- **RECORDS SUPPLIED**:
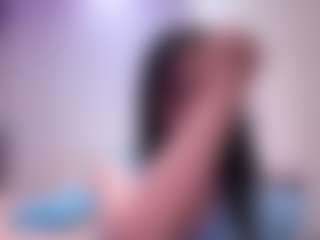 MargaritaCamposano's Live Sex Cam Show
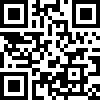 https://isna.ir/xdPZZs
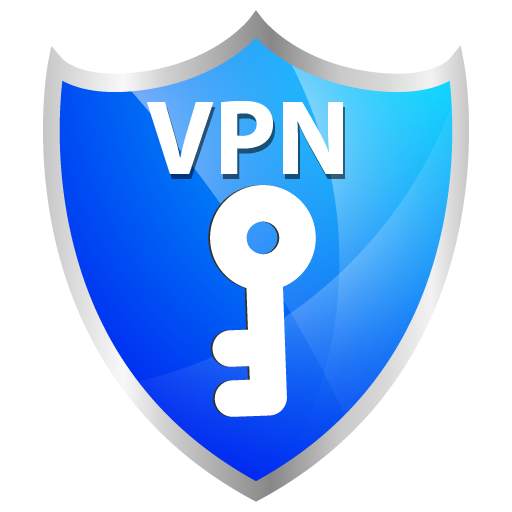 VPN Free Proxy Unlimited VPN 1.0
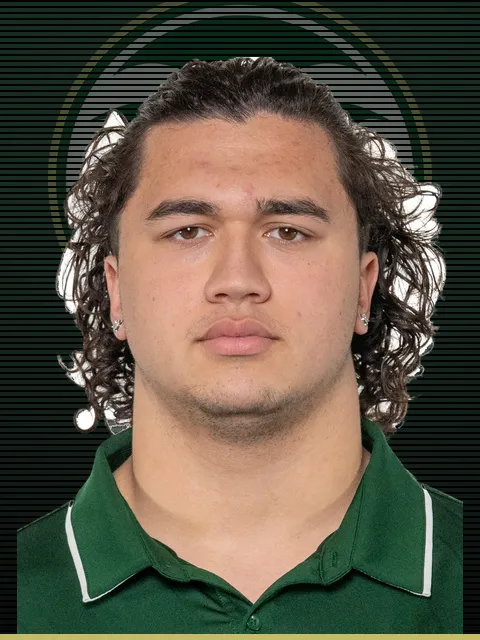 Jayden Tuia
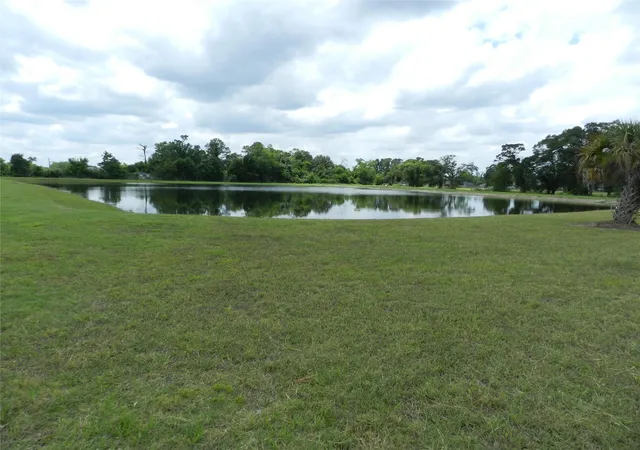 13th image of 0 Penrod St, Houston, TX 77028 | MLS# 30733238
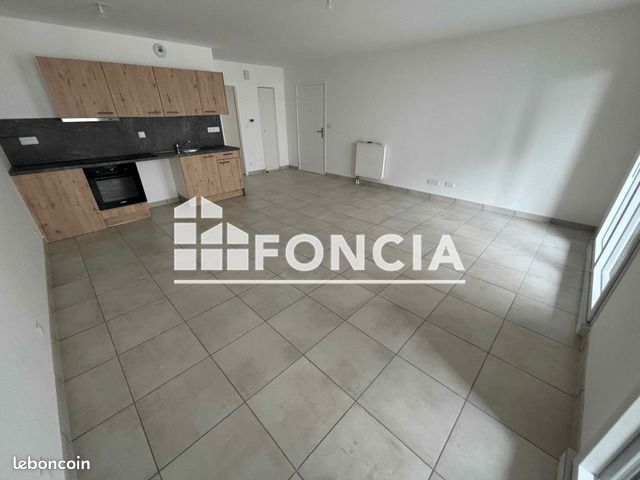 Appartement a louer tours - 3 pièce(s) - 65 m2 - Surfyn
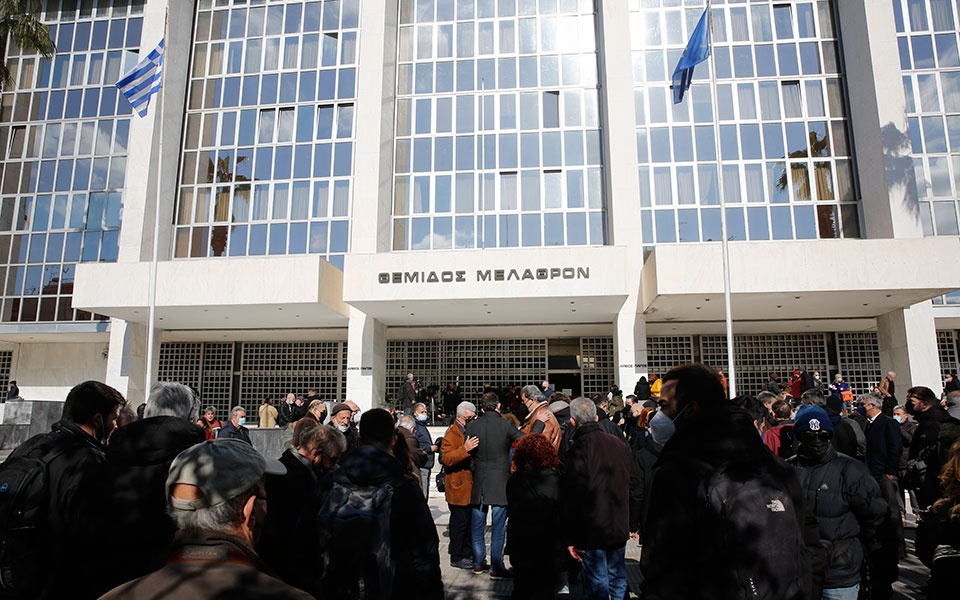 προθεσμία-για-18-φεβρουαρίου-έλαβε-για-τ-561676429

...

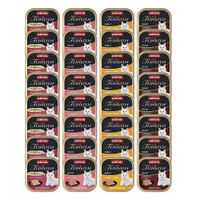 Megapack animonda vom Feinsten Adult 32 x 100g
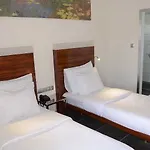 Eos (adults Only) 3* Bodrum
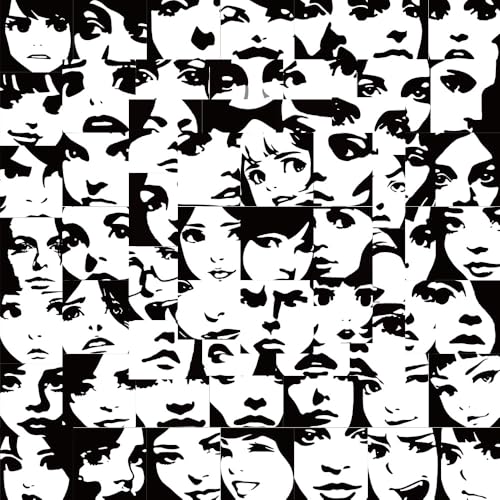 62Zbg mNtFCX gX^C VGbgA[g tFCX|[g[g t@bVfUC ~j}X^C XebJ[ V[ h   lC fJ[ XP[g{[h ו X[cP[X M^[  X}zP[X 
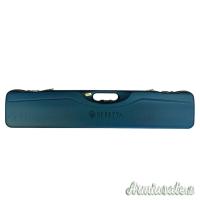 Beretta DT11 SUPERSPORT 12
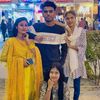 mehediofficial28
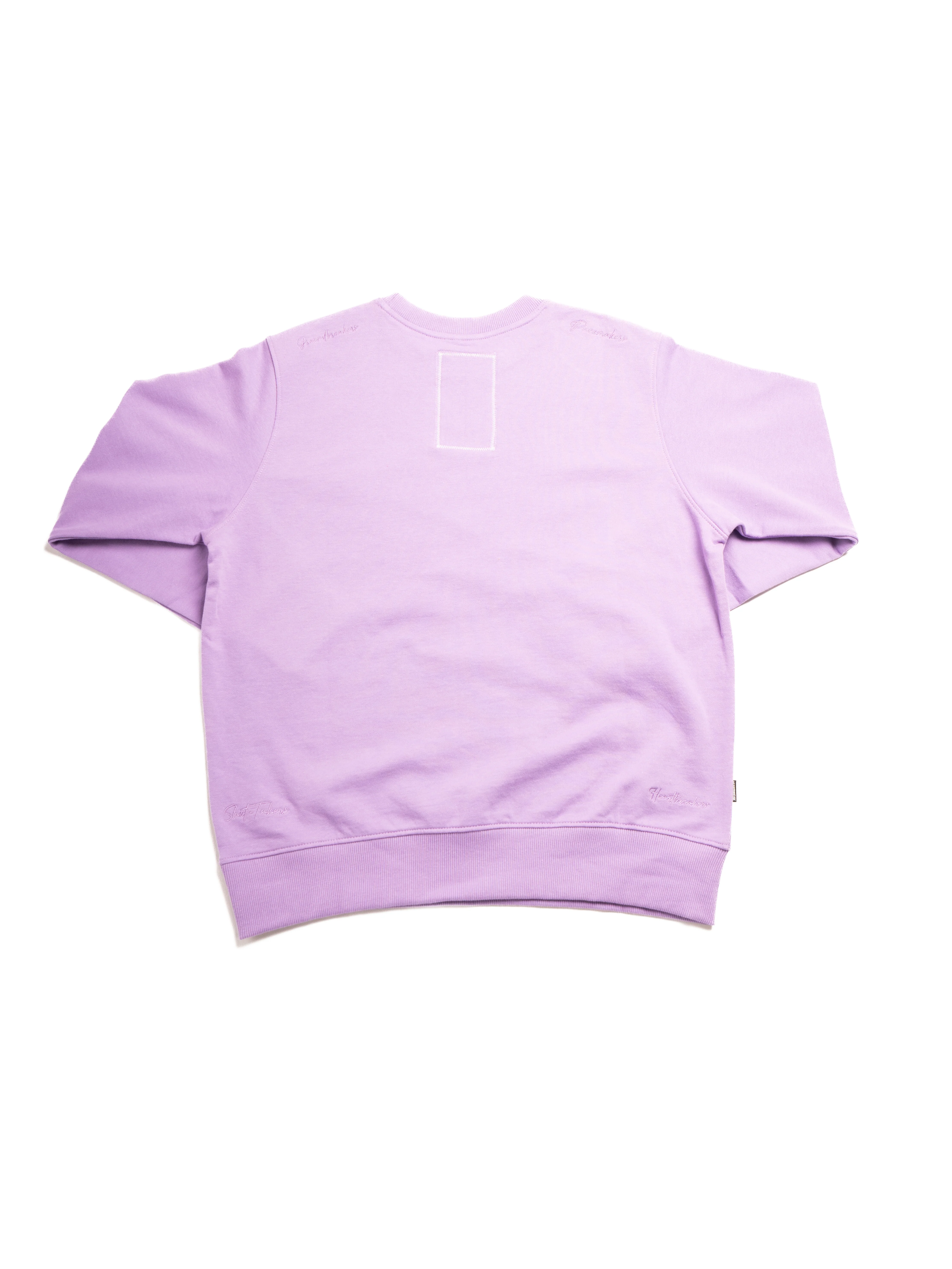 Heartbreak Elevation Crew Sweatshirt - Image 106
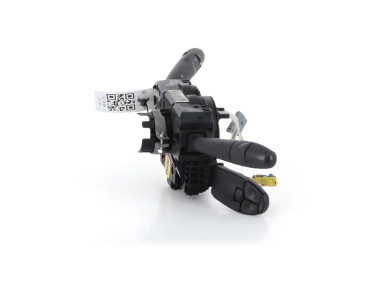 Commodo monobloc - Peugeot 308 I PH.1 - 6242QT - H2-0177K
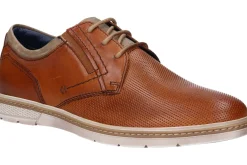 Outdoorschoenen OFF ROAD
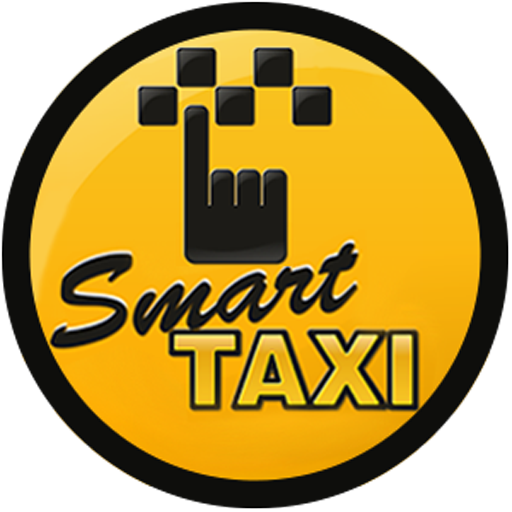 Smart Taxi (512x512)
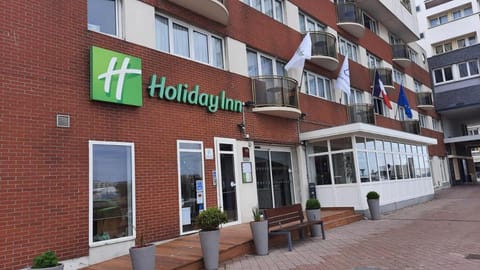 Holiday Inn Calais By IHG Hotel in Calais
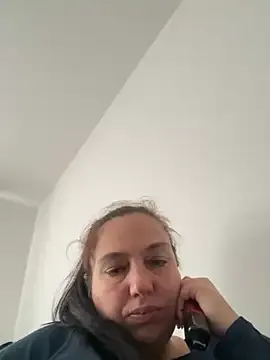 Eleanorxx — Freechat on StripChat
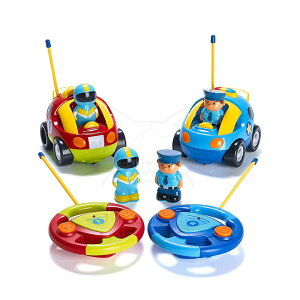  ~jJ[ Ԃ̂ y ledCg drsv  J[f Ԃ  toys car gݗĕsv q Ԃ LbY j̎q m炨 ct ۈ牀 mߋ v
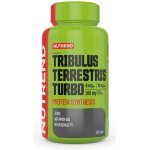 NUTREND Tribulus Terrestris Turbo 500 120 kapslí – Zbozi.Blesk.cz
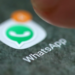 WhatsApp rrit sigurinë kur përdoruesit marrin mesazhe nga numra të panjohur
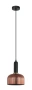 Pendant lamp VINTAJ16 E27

- **TASK REQUIREMENTS**: Repeat the lines above exactly, beginning with the one containing "62Zbg mNtFCX gX^C" and finishing with the one containing "Outdoorschoenen OFF ROAD". No pictures belong in the copy.

- **EXERCISE RESPONSE**:
 62Zbg mNtFCX gX^C VGbgA[g tFCX|[g[g t@bVfUC ~j}X^C XebJ[ V[ h   lC fJ[ XP[g{[h ו X[cP[X M^[  X}zP[X 
 Beretta DT11 SUPERSPORT 12
 mehediofficial28
 Heartbreak Elevation Crew Sweatshirt - Image 106
 Commodo monobloc - Peugeot 308 I PH.1 - 6242QT - H2-0177K
 Outdoorschoenen OFF ROAD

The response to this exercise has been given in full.